God she's so funny. And beautiful. And bangin' bod. And talented. Like, why make her so perfect, god? Why not me instead? WHY GOD?


----------



## SilentLyric

I never got to see this movie. At first I thought this movie aired months ago, but then I recently saw it in the movie times. :| I was excited but remembered I had no one to go with. I really wanted to see Bradley Cooper. Handsome man.


----------



## ShadyGFX

I'd be on her for sure.


----------



## Barette

@SilentLuke, You ought to see it. I've gone to the movies alone, no one cares. It's such a fantastic film.


----------



## Nitrogen

She's adorbs.


----------



## Barette

ThatOneQuietGuy said:


> I want to feel her insides. I don't care if that sounds creepy.


----------



## nullptr

ShadyGFX said:


> I'd be on her for sure.


:yes


----------



## KelsKels

She is really really pretty.. beautiful even. I rather hate the hunger games though.. but shes so hot that I forgive her for being the lead role.


----------



## meganmila

When I first saw her ( When she was nominated for the Winters bone) I thought "Damn, who's that hot girl?" I also read an article about her in The Rolling Stone and she seemed pretty cool. She's only a few months younger then me. Awesome.

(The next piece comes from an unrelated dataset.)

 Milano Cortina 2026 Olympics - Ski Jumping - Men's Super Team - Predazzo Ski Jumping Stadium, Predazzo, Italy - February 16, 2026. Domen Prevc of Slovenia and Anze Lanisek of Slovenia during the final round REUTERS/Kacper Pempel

I do agree that Bradley Cooper was the better actor out of all of them.


----------



## MindOverMood

If only it slit a couple inches higher..


----------



## Barette

MindOverMood said:


> If only it slit a couple inches higher..


SO CLOSE










Edit: Damn, just realized that's not JL in my gif, I don't think at least.


----------



## Diacetylmorphine

she's hot, I haven't seen any of her movies though.


----------



## T-Bone

never heard of her.


----------



## Hello22

WHO?????


----------



## AussiePea

Hello22 said:


> WHO?????


Jennifer (do what you will with me) Lawrence.

LEIK, DURRRR


----------



## Barette

SomebodyWakeME said:


> never heard of her.





Hello22 said:


> WHO?????


----------



## T-Bone

^ she doesnt look like anyone special to me. so i guess i don't have an opinion?
shes average in attractiveness, if that's what im supposed to be judging.


----------



## Barette

You just don't get it, man. You're not a part of the club.


----------



## Hello22

Barette said:


>


Alright, i thought i was missing out on life, obviously i wasn't missing much


----------



## PickleNose

Should I know this person?


----------



## diamondheart89

She's cute and squidgy :yes


----------



## mysterioussoul

I was starting to crush on her before but now I don't.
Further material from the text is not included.